• EXERCISE PROMPT: As the answer, give exactly the lines of the records below from the one with "Al menos siete" through the one with "2009 Honda Pilot", ends included and pictures left out.

• GIVEN DATA:
========================================================================
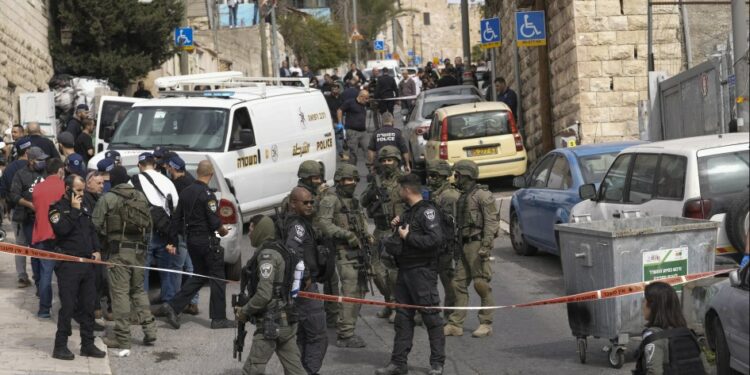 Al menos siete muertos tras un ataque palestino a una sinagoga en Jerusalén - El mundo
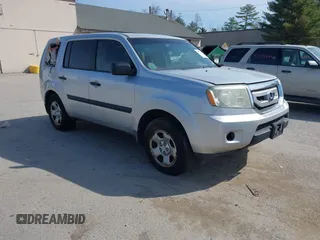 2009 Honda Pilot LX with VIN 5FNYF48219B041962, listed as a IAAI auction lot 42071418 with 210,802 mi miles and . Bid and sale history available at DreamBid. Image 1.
========================================================================
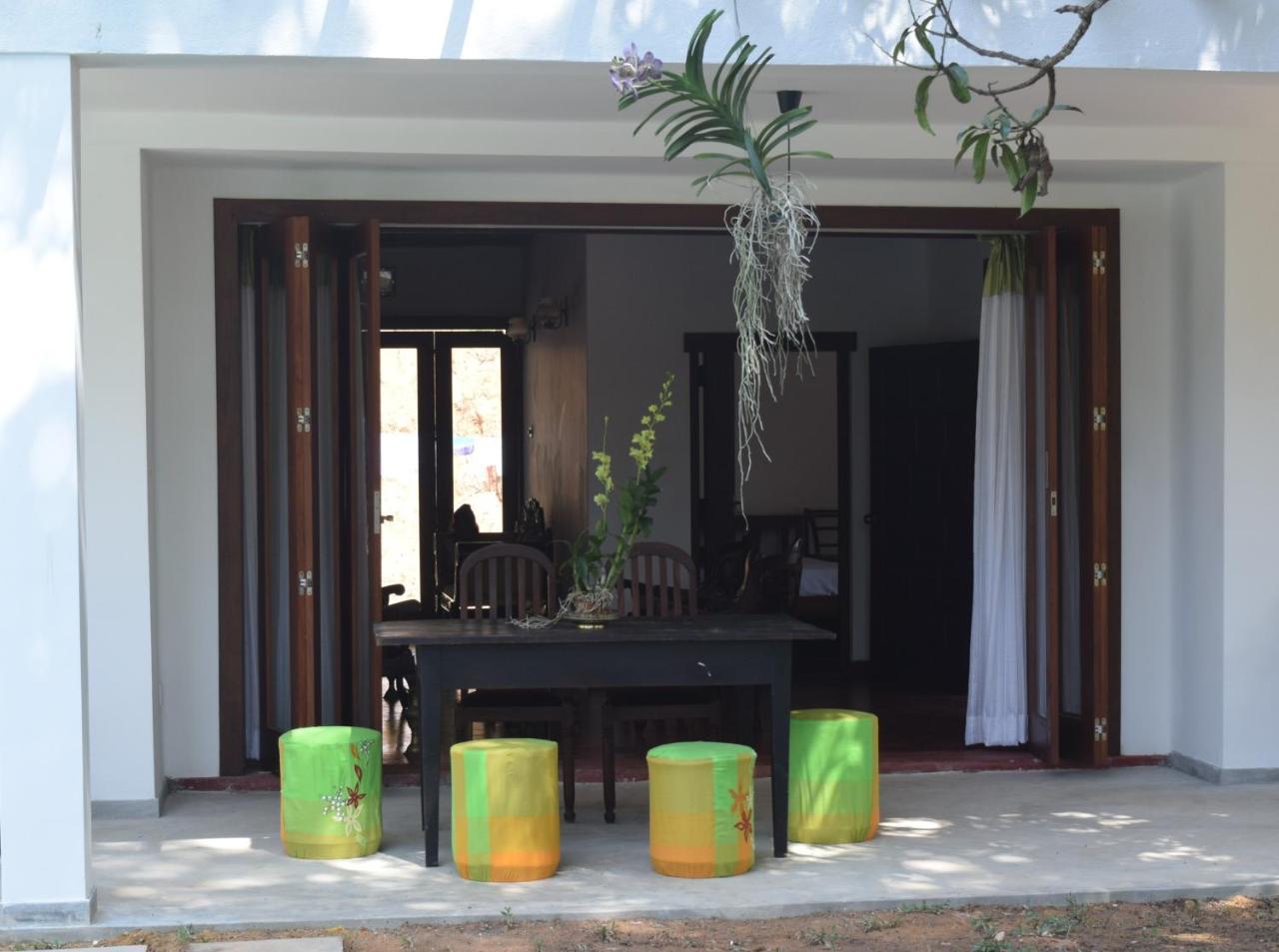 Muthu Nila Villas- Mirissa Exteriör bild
========================================================================
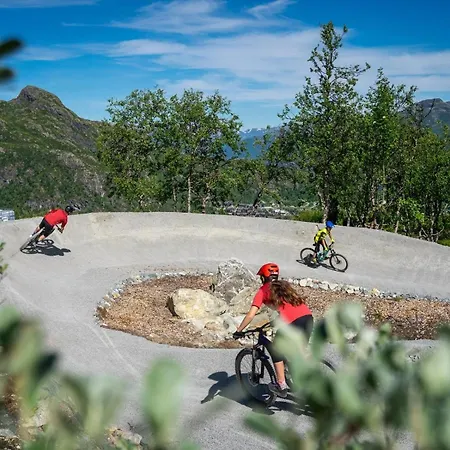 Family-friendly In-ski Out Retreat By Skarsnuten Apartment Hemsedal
========================================================================
• EXPECTED ANSWER:
 Al menos siete muertos tras un ataque palestino a una sinagoga en Jerusalén - El mundo
 2009 Honda Pilot LX with VIN 5FNYF48219B041962, listed as a IAAI auction lot 42071418 with 210,802 mi miles and . Bid and sale history available at DreamBid. Image 1.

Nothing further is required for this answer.